> [SOURCE DATA]
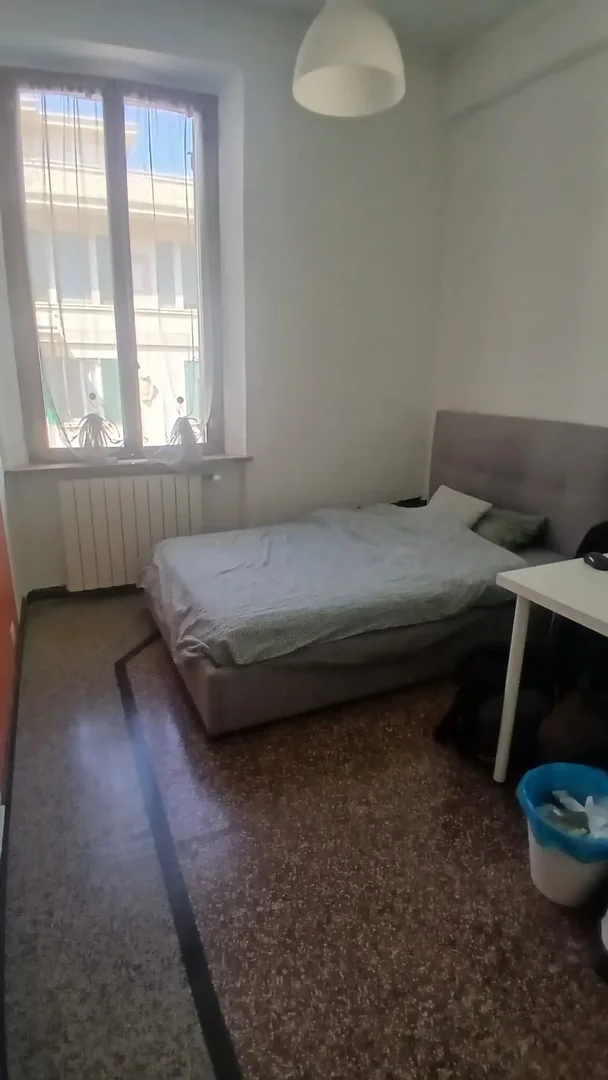 Wygodny i przestronny pokój studencki w 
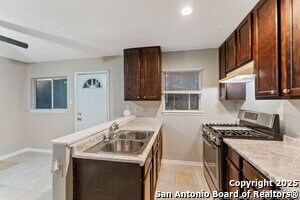 Building Photo - 5003 Casa Oro St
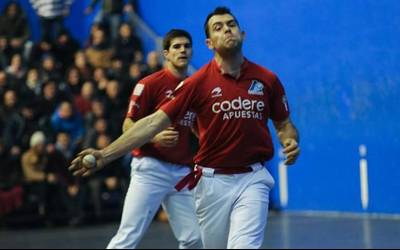 Irabaziz bukatu dute Binakako hasierako azken ligaxka Jakak eta Zabaletak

> [ABOUT THIS TASK]
What is needed here is each line above set down word for word, minus the images.

> [SOLUTION]
 Wygodny i przestronny pokój studencki w 
 Building Photo - 5003 Casa Oro St
 Irabaziz bukatu dute Binakako hasierako azken ligaxka Jakak eta Zabaletak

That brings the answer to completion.